The existing trade parity pricing, it recommended, be continued until diesel price is market based. “The import to export parity ratio (in the trade parity) may be reviewed and revised on annual basis based on the actual export ratio of diesel by the Indian refineries, excluding exports by refineries in the special economic zones,” it said.
The finance ministry has been demanding that diesel pricing be changed to export parity from the existing trade parity, where the 2.5 per cent customs duty is added on to 80 per cent of the sales volume and charged from customers even though it is not paid to the government.
Under export parity, the customs duty would not be charged on the entire volume thus bringing down the under-recovery calculations by state-run oil marketing companies.
The panel has also declined finance ministry’s demand for doing away with import parity pricing of kerosene and LPG.

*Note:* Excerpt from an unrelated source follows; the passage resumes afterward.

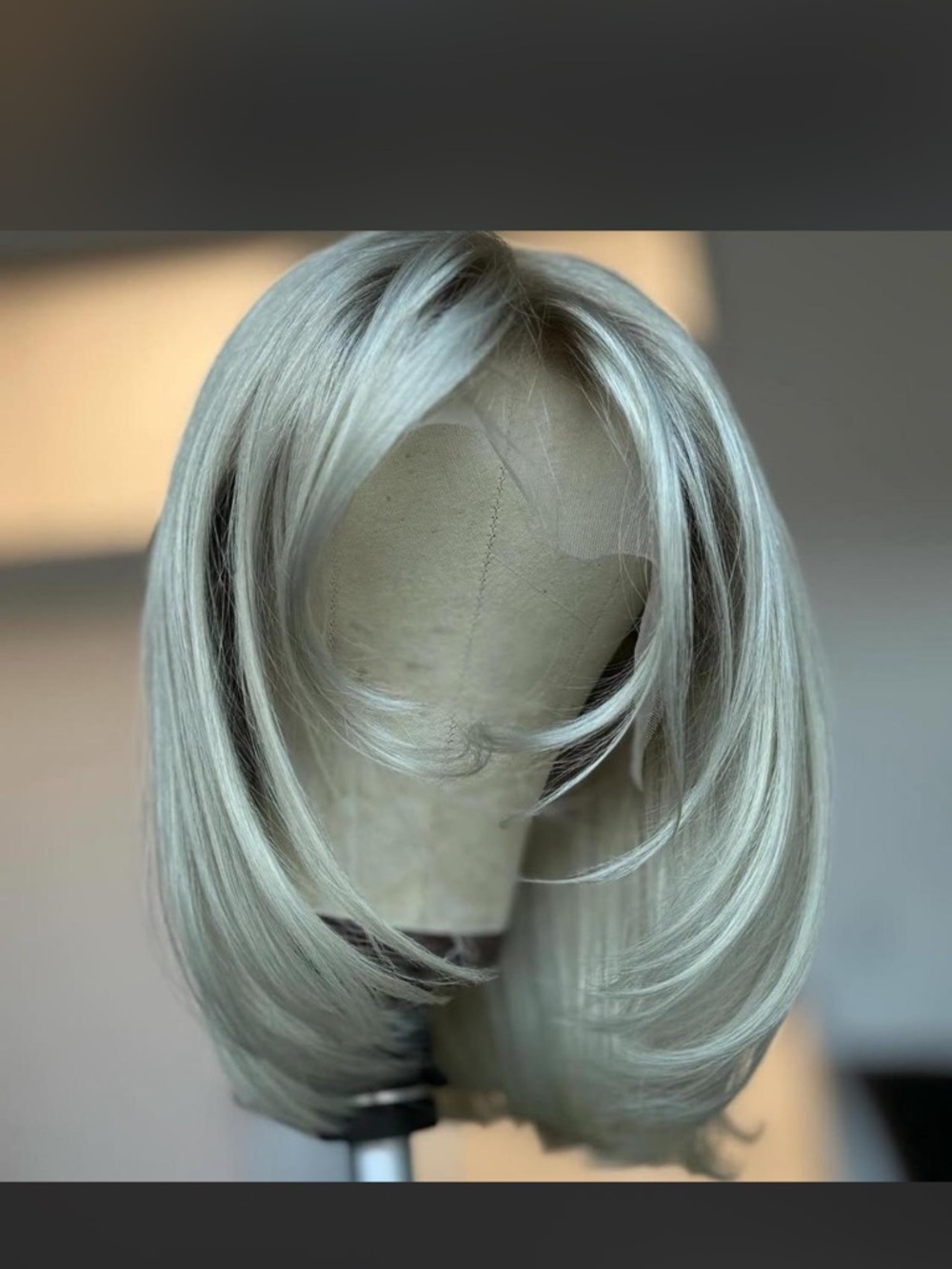 13x6 lace front 12 inch human hair platinum shadow root layered bob lace cut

“Government should take steps to partially pass on the impact to consumers and move towards making the price of diesel market-determined immediately and of PDS kerosene and domestic LPG in a timeframe of about three years,” it said.
Using this as the basis, the expert group recommended that price of PDS kerosene be increased by “at least Rs 2 per litre now and another Rs 2 per litre from April 2014 and thereafter revise its price in line with the growth in per capita agriculture GDP”.
As for domestic cooking gas, the group’s prescription is that, “One-fourth of the current subsidy, amounting to Rs 100 per cylinder, should be passed on by increase the price of subsidised domestic LPG before March 2014 and the balance passed on at the rate of 25 per cent in each year during the next three years. Thereafter, the price of domestic LPG should be decontrolled,” it said.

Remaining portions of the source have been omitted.